NOTE: In contrast to the production deployments, the development aggregator accept and aggregate invalid proofs. Submission of invalid proofs should be tested against a NEBRA UPA testnet deployment.

Unit testing using the dev-aggregator

Launch a development node

For example, in a separate terminal, run:

$ yarn hardhat node

NOTE: Unless otherwise specified, the upa command will attempt to connect to an RPC node at http://localhost:8545. If your development node listens on a different port, use the --rpc-endpoint option, or the RPC_ENDPOINT env variable (see ./setup.md) to specify the correct endpoint.

Create a deployer account

In order to deploy the UPA contracts and submit aggregated proofs, a keyfile for a funded account is required. A suitable keyfile can be created using the upa tool.

NOTE: This keyfile should only be used on development networks, not on live networks holding tokens of real value.

$ upa dev ethkeygen --keyfile upa-dev.keyfile

The keyfile can be recorded in a .env file for convenience:

$ echo KEYFILE=upa-dev.keyfile >> .env
$ echo KEYFILE_PASSWORD= >> .env

(Otherwise, it must be specified in subsequent commands)

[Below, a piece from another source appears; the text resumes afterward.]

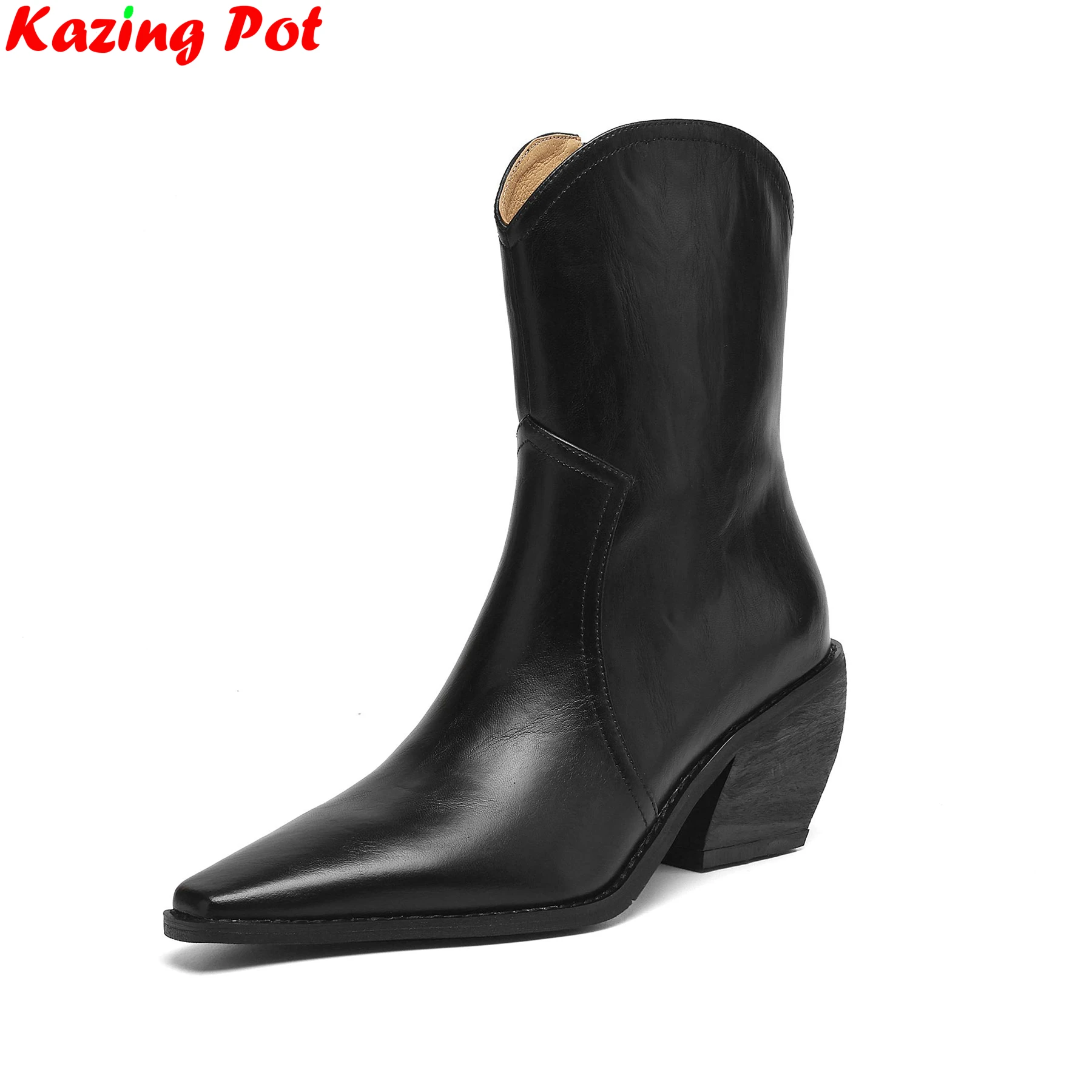 Мотоциклетные ботинки в стиле ретро на массивном каблуке из коровьей кожи размера 34–43, повседневная теплая зимне-осенняя обувь, брендовые классические женские ботинки до середины икры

NOTE: For development chains, the upa dev fund command can be used to fund the keyfile from a hosted account. (See upa dev fund --help)

Deploy a development version of UPA

$ upa deploy --verifier node_modules/@nebrazkp/upa/test/data/test.bin

This creates a upa.instance file in the current directory.

NOTE: The development version of the UPA contracts behave exactly the same as the production versions, except that they accept fake aggregation proofs. All other checks are performed identically. This allows any issues to be caught during local testing.

Launch a development aggregator

$ upa dev-aggregator

NOTE: By default dev-aggregator checks for a upa.instance file in the current directory. Therefore, if run from the same directory as deployment above, the instance file does not need to be specified. (See --help for how to specify the instance file).

Execute tests

Application tests can then be run against the local node, using upa.instance to initialize a UpaClient.

For example, if unit tests are written to always initialize a UpaClient from a upa.instance, they can be executed, pointing at the local node:

$ yarn hardhat test --network localhost

Similarly any CLI or browser client code can now be exercised against the local node.